INPUT RECORDS -
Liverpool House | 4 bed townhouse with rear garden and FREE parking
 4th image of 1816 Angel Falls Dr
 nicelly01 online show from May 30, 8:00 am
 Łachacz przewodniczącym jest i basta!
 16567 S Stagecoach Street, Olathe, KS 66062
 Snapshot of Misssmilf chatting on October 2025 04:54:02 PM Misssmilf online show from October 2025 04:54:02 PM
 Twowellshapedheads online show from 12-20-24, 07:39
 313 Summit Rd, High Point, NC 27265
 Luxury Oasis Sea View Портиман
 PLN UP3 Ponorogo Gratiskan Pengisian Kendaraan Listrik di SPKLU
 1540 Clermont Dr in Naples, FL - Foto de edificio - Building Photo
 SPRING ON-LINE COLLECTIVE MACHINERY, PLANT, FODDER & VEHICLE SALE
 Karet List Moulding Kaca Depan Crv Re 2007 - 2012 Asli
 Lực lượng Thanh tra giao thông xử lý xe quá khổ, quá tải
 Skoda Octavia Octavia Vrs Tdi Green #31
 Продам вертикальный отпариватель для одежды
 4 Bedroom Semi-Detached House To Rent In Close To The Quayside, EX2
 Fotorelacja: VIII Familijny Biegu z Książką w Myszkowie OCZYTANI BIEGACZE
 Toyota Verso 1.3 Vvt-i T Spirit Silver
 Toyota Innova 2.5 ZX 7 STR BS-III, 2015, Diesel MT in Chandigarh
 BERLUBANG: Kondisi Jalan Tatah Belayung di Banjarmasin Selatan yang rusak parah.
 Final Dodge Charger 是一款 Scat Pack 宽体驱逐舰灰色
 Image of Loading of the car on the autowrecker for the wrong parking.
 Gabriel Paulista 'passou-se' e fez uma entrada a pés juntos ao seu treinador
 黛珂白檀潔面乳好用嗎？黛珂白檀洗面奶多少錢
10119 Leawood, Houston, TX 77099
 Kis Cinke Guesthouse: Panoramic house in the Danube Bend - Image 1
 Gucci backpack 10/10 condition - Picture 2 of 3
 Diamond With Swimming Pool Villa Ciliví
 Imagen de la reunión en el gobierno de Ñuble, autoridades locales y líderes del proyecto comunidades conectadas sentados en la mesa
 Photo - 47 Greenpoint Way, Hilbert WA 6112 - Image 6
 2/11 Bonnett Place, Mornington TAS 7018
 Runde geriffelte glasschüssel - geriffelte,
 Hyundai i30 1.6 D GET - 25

PROBLEM STATEMENT - Please extract exactly, and only, the lines from the line containing "Snapshot of Misssmilf" through the last line of the records.

REPLY -
 Snapshot of Misssmilf chatting on October 2025 04:54:02 PM Misssmilf online show from October 2025 04:54:02 PM
 Twowellshapedheads online show from 12-20-24, 07:39
 313 Summit Rd, High Point, NC 27265
 Luxury Oasis Sea View Портиман
 PLN UP3 Ponorogo Gratiskan Pengisian Kendaraan Listrik di SPKLU
 1540 Clermont Dr in Naples, FL - Foto de edificio - Building Photo
 SPRING ON-LINE COLLECTIVE MACHINERY, PLANT, FODDER & VEHICLE SALE
 Karet List Moulding Kaca Depan Crv Re 2007 - 2012 Asli
 Lực lượng Thanh tra giao thông xử lý xe quá khổ, quá tải
 Skoda Octavia Octavia Vrs Tdi Green #31
 Продам вертикальный отпариватель для одежды
 4 Bedroom Semi-Detached House To Rent In Close To The Quayside, EX2
 Fotorelacja: VIII Familijny Biegu z Książką w Myszkowie OCZYTANI BIEGACZE
 Toyota Verso 1.3 Vvt-i T Spirit Silver
 Toyota Innova 2.5 ZX 7 STR BS-III, 2015, Diesel MT in Chandigarh
 BERLUBANG: Kondisi Jalan Tatah Belayung di Banjarmasin Selatan yang rusak parah.
 Final Dodge Charger 是一款 Scat Pack 宽体驱逐舰灰色
 Image of Loading of the car on the autowrecker for the wrong parking.
 Gabriel Paulista 'passou-se' e fez uma entrada a pés juntos ao seu treinador
 黛珂白檀潔面乳好用嗎？黛珂白檀洗面奶多少錢
10119 Leawood, Houston, TX 77099
 Kis Cinke Guesthouse: Panoramic house in the Danube Bend - Image 1
 Gucci backpack 10/10 condition - Picture 2 of 3
 Diamond With Swimming Pool Villa Ciliví
 Imagen de la reunión en el gobierno de Ñuble, autoridades locales y líderes del proyecto comunidades conectadas sentados en la mesa
 Photo - 47 Greenpoint Way, Hilbert WA 6112 - Image 6
 2/11 Bonnett Place, Mornington TAS 7018
 Runde geriffelte glasschüssel - geriffelte,
 Hyundai i30 1.6 D GET - 25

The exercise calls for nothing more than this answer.